Two stories in the news today, both about odious politicians, are somewhat connected. Detroit mayor Kwame Kilpatrick plead guilty to lying under oath to cover up an affair in a lawsuit settlement, leading to his resignation as mayor of Detroit and a four-month prison sentence.
Meanwhile, Sarah Palin, currently campaigning with John McCain in Michigan, continued her line about being like Barack Obama for leading people as a mayor of a small town, just as he was a community organizer, but that she had actual responsibilities. She seemed to imply that community organizers in large cities are no more than militant black people out to make trouble, while a mayor of a white suburban town can organize things and get legitimate results by virtue of elected office.

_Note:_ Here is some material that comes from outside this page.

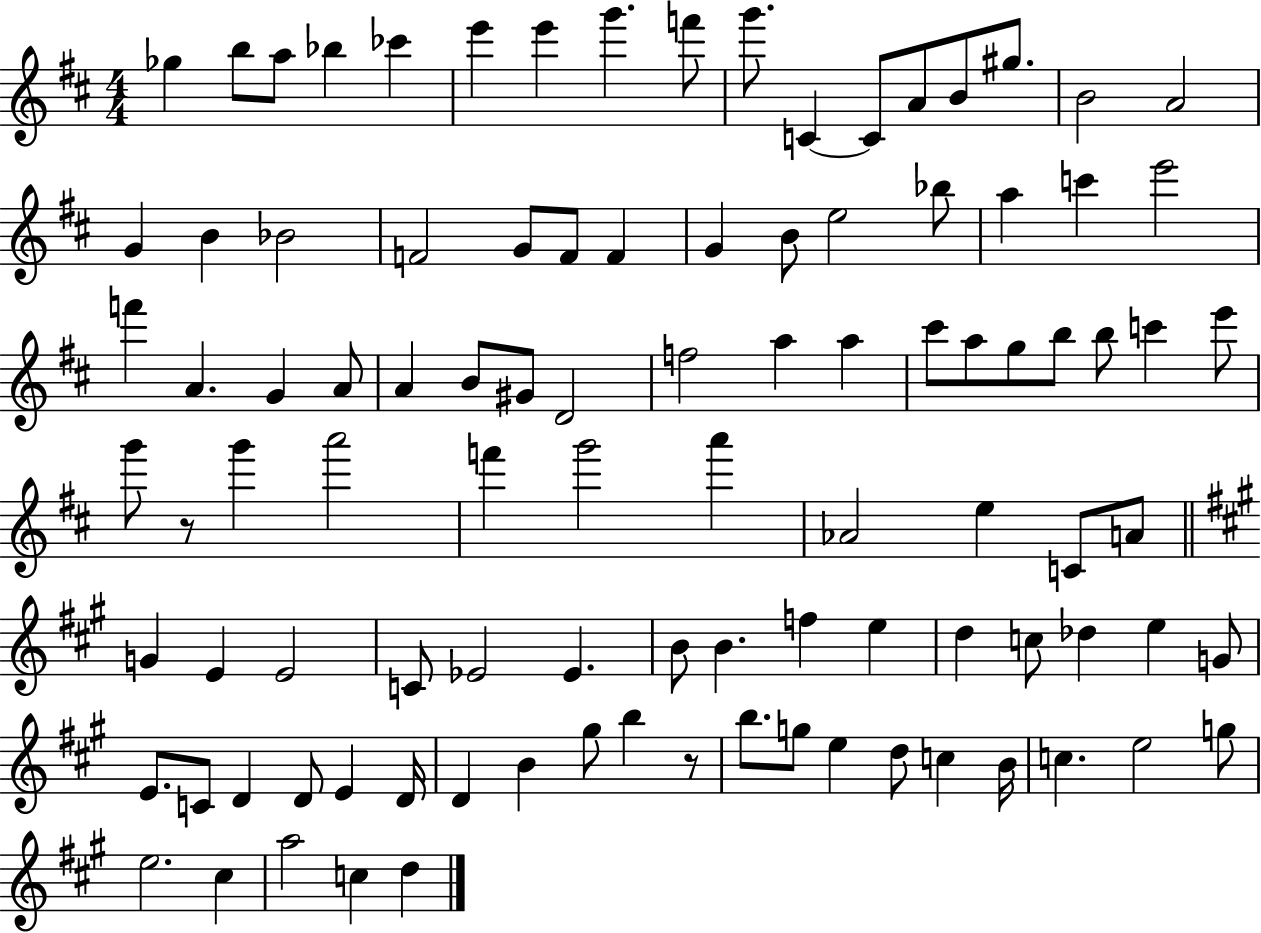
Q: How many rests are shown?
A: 2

Kilpatrick's resignation as Motown's mayor seems to feed in to the idea that urban minority activists and political leaders who seek power are ineffective at best, corrupt at worst. Nowhere is this belief more potent than in Detroit's white working-class suburbs. Macomb County, Michigan is the home of the famous "Reagan Democrats," blue-collar workers who are registered Democrats but vote Republican in presidential elections. They are former Detroit residents who left the city after the 1967 riot and are known to fear the black residents they left behind. Moreover, they don't want to see their tax money go to help any inner-city minority populations. Republicans have stoked racial paranoia among the white working class and middle class for years, and Palin, coming from Alaska (one of the whitest states in the Union) seems to be living up to that tradition.
John McCain really wanted Joe Lieberman as his running mate, but the party wouldn't allow it. So much for being a maverick.
Even Kwame Kilpatrick was more rebellious than McCain has recently been.